Wednesday, January 26, 2005

Stupid, stupid humans

I was walking around outside today, and it was raining. As I got more and more soggy, I started looking around at all the happy pedestrians, with their nice umbrellas. And I got to thinking. And I did a little research about our friend, the umbrella. My results may shock you.

So I’m going to save them for a few minutes. And we’ll kind of ease into the whole umbrella thing, with some animal trivia.

Some species of birds have been known to use tools.

Chimpanzees use tools.

I bet mountain gorillas do too, but I’m not totally positive. I was going to do some online research, but I don’t really want to do a search for “gorilla tool”.

Otters use rocks to break open clams and mussels. (On a related note, otters eat 20% of their bodyweight every day…a fact that has earned these plucky sea-mammals the nickname “Inlet Pigs.”)

Even some types of crabs can be said to make use of tools…and you don’t exactly run into them playing chess (by themselves) at the nearest MENSA meeting. (Hey, did you hear what happened to the poor woman who had sex with that filthy old prospector who lives by himself in a shack up on the mountain? She got hermit crabs.)

Our own species, humans, has been using tools for about 2.5 million years. To give you an idea of how long that is, imagine sitting through the extended DVD version of “Fat Albert”. Now imagine having to watch it again.That gives you an idea of how long 2.5 million years is.

So, for a very, very long time, we have been theoretically capable of making and using rudimentary objects to better our lives.

And yet, we didn’t develop any sort of umbrella until 4,000 years ago, when the Ancient Egyptians finally figured the thing out.

Now, hold on. You’re thinking, “hey, 4,000 years ago. That’s pretty good.”

It’s not pretty good at all. It’s pathetic. Now, I don’t want to cast doubt on the intelligence of our ancestors, especially the Ancient Egyptians. I love what they did with lapis-lazuli. And Hieroglyphics are neat. (I wanted to spell out “neat” in Egyptian Hieroglyphics, but I can’t seem to find that font).
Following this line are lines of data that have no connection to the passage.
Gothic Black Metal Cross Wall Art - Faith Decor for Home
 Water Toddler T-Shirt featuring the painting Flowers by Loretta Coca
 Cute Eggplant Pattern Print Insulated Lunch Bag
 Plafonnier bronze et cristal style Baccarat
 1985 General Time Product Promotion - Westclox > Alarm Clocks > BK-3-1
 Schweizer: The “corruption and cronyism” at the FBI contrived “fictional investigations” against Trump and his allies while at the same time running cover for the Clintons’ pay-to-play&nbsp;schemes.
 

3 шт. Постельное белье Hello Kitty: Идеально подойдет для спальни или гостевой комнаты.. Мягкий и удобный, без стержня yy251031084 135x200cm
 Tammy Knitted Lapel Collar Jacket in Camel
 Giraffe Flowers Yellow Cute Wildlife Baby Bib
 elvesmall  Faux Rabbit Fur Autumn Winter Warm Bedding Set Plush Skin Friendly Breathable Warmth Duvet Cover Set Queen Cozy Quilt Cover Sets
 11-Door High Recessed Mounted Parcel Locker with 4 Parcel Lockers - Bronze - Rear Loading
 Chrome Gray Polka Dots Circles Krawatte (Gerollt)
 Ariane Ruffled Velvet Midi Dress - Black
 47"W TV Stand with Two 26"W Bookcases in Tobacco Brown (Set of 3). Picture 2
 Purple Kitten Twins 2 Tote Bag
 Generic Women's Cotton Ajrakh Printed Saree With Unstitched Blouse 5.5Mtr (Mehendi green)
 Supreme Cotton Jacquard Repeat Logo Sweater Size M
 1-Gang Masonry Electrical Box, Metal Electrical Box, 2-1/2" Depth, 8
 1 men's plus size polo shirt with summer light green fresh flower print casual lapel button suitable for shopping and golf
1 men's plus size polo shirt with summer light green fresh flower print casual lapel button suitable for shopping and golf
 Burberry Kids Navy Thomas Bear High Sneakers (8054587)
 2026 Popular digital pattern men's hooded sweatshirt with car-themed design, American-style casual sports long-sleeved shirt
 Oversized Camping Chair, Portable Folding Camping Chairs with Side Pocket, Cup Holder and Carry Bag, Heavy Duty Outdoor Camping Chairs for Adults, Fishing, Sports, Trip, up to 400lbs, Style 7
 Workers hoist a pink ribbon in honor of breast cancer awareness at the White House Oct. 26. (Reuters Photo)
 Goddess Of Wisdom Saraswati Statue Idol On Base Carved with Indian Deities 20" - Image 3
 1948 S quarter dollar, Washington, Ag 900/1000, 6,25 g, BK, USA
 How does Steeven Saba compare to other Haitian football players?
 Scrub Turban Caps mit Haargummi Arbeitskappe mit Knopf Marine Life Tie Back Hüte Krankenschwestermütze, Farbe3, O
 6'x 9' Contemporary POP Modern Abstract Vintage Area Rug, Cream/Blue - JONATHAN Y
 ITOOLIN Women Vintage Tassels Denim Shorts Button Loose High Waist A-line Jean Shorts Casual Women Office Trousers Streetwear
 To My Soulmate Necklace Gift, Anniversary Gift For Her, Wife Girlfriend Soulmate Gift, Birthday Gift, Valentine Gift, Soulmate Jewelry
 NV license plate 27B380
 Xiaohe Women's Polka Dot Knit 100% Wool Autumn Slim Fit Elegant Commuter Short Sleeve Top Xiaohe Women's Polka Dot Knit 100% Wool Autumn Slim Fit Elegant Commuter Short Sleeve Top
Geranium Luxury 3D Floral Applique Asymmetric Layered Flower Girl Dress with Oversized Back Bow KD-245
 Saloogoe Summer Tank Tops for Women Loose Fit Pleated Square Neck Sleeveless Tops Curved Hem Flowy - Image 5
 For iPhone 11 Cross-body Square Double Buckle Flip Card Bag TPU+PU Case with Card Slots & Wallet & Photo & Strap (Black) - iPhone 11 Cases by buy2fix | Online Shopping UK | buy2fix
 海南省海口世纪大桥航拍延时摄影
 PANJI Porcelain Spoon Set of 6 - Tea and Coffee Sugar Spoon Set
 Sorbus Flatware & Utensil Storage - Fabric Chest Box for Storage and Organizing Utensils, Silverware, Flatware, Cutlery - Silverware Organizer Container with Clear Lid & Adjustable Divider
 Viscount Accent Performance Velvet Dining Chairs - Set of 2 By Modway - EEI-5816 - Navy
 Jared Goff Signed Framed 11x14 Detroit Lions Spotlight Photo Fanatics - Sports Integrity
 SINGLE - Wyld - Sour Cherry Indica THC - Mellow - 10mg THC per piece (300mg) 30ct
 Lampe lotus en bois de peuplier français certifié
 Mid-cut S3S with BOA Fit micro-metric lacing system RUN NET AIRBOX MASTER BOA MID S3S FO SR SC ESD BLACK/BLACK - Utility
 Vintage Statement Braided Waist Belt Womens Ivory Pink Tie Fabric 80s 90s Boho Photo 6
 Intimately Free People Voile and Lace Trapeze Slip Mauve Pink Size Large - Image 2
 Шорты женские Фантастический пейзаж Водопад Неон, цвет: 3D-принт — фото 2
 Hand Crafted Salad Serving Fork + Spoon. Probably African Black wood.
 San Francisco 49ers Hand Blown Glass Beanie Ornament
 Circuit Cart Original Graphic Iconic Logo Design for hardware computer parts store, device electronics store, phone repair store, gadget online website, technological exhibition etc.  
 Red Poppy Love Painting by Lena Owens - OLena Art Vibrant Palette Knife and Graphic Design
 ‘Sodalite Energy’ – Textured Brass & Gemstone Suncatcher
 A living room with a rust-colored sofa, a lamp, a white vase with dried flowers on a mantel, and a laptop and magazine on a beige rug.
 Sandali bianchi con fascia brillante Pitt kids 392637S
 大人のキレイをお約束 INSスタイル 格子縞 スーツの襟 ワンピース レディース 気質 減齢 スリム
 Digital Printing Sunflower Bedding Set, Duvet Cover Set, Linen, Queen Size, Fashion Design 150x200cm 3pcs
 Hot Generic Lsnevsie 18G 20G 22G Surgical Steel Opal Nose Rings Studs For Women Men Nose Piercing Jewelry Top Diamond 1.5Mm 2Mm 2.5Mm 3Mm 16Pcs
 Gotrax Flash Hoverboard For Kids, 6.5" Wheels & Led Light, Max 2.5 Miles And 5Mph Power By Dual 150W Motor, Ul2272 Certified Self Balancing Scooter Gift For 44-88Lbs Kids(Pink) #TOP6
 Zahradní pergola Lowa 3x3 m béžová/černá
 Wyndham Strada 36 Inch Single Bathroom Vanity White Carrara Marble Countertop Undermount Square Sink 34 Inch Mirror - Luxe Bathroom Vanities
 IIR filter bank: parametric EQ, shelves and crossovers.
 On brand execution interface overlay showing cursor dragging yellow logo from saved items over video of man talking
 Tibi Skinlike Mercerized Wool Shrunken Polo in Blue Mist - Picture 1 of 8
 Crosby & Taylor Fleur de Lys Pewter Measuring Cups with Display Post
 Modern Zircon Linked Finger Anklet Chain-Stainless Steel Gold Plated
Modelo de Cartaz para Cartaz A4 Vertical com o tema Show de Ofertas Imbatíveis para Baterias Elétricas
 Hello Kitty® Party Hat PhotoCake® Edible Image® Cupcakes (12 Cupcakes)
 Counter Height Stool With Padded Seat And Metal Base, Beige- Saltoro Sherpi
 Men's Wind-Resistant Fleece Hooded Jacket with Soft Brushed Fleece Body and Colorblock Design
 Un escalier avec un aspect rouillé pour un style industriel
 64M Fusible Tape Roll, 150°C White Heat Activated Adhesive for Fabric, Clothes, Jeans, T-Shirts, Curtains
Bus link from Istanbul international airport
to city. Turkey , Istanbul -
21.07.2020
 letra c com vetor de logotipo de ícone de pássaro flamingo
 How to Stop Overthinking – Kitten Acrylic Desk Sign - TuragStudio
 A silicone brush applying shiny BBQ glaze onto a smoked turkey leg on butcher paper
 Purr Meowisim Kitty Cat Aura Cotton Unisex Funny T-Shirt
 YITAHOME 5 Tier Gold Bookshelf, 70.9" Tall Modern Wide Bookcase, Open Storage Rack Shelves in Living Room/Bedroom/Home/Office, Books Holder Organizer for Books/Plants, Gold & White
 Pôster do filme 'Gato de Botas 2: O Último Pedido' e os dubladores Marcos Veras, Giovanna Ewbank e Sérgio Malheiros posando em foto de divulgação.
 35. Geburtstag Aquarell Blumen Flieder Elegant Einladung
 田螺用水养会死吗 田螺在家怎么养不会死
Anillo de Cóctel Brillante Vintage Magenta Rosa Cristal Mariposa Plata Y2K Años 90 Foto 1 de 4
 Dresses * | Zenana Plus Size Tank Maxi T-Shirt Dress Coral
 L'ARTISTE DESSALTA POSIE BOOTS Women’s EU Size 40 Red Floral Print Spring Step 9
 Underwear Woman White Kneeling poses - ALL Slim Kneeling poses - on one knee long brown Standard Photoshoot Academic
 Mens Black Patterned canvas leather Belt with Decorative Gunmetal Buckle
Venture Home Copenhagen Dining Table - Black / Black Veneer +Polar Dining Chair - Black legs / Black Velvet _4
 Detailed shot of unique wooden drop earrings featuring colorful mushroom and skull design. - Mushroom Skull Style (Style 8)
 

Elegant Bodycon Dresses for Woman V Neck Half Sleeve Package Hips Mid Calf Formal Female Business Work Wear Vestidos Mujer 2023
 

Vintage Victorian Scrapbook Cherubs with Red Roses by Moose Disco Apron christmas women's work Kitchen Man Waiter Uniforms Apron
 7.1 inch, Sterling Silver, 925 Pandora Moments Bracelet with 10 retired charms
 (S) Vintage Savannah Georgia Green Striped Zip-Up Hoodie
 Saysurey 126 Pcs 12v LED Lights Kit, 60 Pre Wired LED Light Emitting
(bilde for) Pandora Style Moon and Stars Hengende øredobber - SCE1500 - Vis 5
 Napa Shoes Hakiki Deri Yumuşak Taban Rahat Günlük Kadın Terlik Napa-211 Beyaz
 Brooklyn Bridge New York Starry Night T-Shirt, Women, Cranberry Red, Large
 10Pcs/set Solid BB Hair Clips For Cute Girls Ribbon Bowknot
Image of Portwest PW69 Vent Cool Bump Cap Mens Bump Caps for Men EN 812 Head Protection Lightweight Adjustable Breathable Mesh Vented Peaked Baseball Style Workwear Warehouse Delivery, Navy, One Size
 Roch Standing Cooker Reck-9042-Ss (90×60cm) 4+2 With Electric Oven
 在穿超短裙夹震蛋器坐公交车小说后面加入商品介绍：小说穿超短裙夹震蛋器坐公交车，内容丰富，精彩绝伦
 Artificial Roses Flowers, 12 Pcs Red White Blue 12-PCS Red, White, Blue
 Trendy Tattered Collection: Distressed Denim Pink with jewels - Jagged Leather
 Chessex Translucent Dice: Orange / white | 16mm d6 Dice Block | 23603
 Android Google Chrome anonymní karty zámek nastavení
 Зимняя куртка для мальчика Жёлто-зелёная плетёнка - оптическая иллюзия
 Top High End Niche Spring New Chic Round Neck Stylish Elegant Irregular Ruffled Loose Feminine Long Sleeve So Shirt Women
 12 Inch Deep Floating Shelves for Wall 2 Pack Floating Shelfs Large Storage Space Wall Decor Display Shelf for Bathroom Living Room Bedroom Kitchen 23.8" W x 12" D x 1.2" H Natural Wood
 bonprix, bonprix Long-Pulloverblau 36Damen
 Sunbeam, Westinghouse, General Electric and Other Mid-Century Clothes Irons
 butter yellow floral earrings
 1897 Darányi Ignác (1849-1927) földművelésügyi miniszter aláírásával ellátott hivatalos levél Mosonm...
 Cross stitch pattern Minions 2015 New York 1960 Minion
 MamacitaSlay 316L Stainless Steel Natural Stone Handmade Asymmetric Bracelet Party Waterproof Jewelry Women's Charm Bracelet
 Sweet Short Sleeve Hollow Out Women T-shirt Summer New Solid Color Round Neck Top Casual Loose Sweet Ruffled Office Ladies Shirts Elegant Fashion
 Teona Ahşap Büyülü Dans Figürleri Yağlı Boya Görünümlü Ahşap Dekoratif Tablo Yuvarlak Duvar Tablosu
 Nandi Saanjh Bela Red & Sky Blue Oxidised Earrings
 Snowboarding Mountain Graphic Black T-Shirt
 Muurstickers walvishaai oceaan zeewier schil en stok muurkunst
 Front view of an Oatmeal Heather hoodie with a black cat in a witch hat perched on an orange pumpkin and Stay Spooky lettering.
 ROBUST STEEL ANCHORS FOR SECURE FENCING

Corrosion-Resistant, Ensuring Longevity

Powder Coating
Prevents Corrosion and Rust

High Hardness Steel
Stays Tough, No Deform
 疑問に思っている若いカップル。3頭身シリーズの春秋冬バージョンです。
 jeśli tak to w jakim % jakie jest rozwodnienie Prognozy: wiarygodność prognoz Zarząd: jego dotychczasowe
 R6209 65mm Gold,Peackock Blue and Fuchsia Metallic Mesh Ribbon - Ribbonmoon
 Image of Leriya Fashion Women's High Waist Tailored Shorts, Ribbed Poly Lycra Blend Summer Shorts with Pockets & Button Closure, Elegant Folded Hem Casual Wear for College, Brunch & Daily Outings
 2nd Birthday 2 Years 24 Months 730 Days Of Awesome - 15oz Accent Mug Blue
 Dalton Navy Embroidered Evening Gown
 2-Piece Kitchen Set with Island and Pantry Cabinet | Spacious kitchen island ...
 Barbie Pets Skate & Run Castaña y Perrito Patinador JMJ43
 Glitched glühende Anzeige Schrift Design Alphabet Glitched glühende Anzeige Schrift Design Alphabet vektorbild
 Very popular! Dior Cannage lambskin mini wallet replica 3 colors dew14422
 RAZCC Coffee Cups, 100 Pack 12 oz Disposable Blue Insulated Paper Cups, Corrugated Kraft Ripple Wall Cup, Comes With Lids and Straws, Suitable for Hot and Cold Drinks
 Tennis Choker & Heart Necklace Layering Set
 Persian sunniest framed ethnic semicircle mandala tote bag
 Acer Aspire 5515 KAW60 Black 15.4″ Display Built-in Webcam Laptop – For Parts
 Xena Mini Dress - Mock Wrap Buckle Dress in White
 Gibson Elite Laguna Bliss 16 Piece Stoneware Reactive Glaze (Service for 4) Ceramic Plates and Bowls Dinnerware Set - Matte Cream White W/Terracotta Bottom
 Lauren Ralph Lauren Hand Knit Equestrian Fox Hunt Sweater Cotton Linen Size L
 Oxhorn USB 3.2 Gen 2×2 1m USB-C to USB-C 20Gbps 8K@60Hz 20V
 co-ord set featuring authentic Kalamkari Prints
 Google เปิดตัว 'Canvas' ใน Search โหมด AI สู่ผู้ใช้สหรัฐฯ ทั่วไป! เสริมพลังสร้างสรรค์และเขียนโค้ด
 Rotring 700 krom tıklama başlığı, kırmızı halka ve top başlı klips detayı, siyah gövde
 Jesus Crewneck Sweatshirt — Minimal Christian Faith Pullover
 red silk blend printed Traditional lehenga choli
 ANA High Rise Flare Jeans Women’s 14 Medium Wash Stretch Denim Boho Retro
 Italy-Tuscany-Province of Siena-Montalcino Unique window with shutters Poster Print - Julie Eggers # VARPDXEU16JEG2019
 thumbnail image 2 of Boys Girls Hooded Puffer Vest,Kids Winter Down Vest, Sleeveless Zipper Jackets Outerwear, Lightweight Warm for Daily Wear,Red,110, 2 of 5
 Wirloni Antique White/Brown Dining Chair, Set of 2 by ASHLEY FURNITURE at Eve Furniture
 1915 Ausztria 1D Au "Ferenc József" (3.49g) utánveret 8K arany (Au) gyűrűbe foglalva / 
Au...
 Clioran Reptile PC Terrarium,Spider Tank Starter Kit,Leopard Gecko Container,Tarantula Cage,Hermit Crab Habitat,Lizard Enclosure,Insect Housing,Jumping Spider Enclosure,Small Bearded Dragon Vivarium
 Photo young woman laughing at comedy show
But the fact remains, for the first 2,496,000 years of tool-using human existence, nobody ever thought: “It rains, and it would be nice to have a little device to keep the rain from soaking my tunic.”

I’m not saying they should have invented a retractable aluminum shaft, with a nylon covering and a handle with fold out tooth-pick, flashlight and little scissors. No, I’m just thinking some kind of rudimentary wood and cloth contraption.

I imagine the conversation between the the person who finally put together the first umbrella, and his buddy, went something like this.

TUT: What’s that?

RAMSES: It’s an umbrella. I use it to keep the rain off my tunic.

TUT: It hasn’t rained since Exodus.

RAMSES: Well, the umbrella can keep the sun off too. But if you use it for that purpose, I’d like you to call it a parasol.

TUT: That’s actually pretty cool. I’ve just been holding a big piece of lapis-lazuli over my head. But it’s really quite heavy.

RAMSES: See here, there’s a little pair of scissors that folds out from the handle. You can use it to cut up your marijuana.

TUT: That’s great. Hey, I’ve been meaning to ask you. I want to have sex with my wife, but I’m sick of having kids. Can you invent some sort of sheath to put on my penis?

RAMSES: Come with me back to my pyramid. I have some extra sheep’s intestine lying around.

Monday, January 24, 2005

Colourized

Here’s a couple thoughts about some popular colours:

Red: The first (and only) guy I ever kicked in the balls used to wear a Red t-shirt all the time. I give this colour 1 out of 5 stars.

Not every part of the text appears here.